More sophisticated techniques to detect bone loss such as subtraction radiography and computer-assisted image analysis have been used as research tools, but at present, these have not found a place in routine clinical practice. 38 Changes in ALP in GCF, saliva and serum have been used as an inflammatory marker of periodontium as well as a marker of bone metabolism. 11182139 Various enzymes in serum have been routinely examined for the diagnosis of systemic diseases. Therefore, no specific laboratory devices are necessary. 37 We have used these conventional laboratory tests to estimate ALP levels in saliva sample.
Changes in the bone architecture take time to manifest, changes in the bone turnover can be ascertained relatively early by measuring increased levels of serum and urine biochemical markers of bone turnover, 2940 such as collagen cross-links, ALP, and Osteocalcin. 3441 As ALP is a marker of bone remodeling, CPITN Code 3 (Pathological pocket 4 to 5 mm in depth) and Code 4 (Pathological pocket 6mm or more in depth) were included and Code 1 (Bleeding observed during or after probing ) and Code 2 (Calculus or other plaque retentive factors either seen or felt during probing ) were excluded from the study.
In our study, differences in ALP concentrations in saliva for the groups C0, C3 and C4 were statistically significant. Probing pocket depth greater than 6 mm (Group C4) was related to the highest ALP levels. The results showed statistically significant relationship between salivary ALP levels and pocket depth. Our results are in agreement with previous studies of ALP done in saliva. 42022 The high levels of ALP in saliva in our study may be due to an increase in the inflammation and bone turnover rate as ALP is produced by PMNs, osteoblasts, macrophages, fibroblasts 11 and plaque bacteria 13 within periodontal tissues or periodontal pocket. 1131 The increased activity of ALP is probably a consequence of destructive process in the alveolar bone in advanced stages of development of periodontal disease.

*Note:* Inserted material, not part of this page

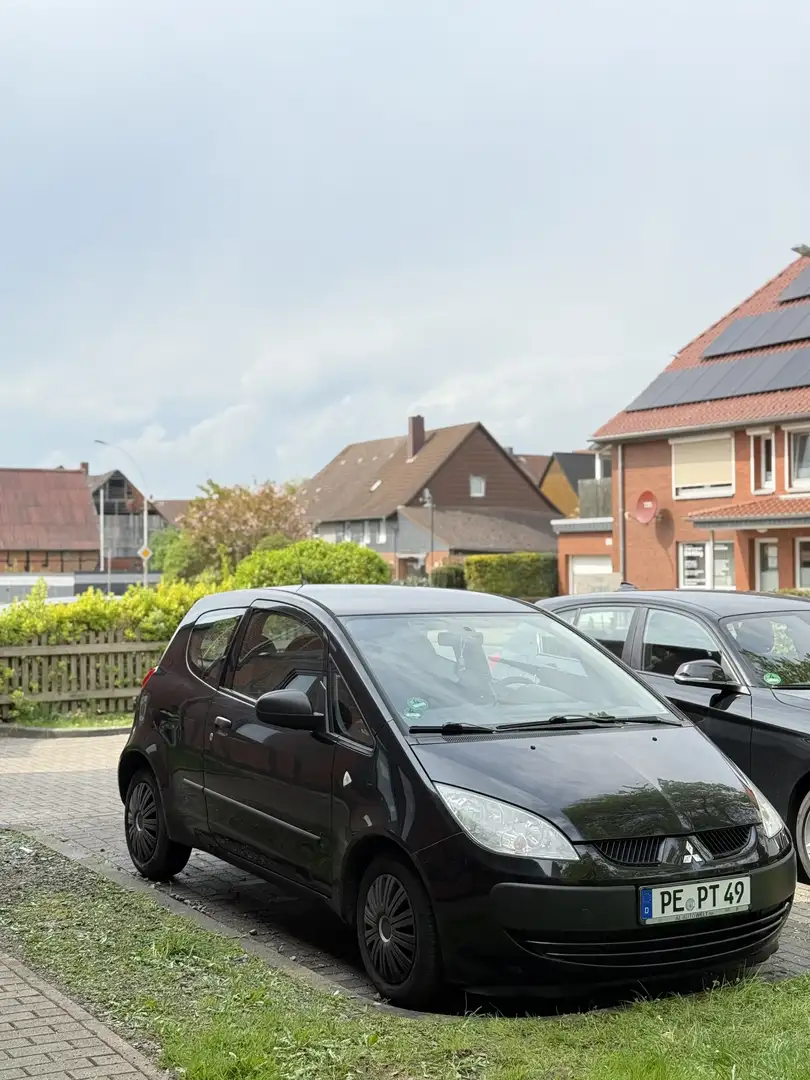 Mitsubishi Colt CZ3 1.1 Inform - 1
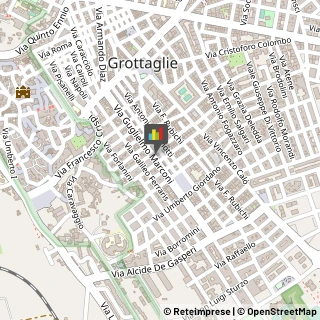 Bar e Caffetterie Grottaglie,74023Taranto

In our study, GI was positively correlated with increase in pocket depth, although not statistically significant.(Data is shown in table-3) Our results are in agreement with study done by Yoshie H et al. (2007) 42 who reported statistically significant increase in GI with increase in pocket depth. The increase in salivary ALP levels might have come from PMNs during inflammation within the periodontal pocket. On the basis of results of this study it can be suggested that the activity of ALP enzyme was significantly increased in the saliva of patients with periodontal disease when compared to healthy subjects. It also established the correlation between the enzyme activity and the value of the gingival index. This is probably a consequence of pathological processes in periodontal tissues from where this intracellular enzyme is increasingly released into saliva.
Salivary ALP levels may be useful as a potential bone turnover marker to establish the diagnosis and prognosis of periodontal disease. Diagnosis of periodontal disease by measuring salivary levels of ALP is economical, feasible, simple and convenient approach that does not require expert examiners. Further studies are warranted to confirm the reliability of saliva ALP levels for screening of periodontal disease.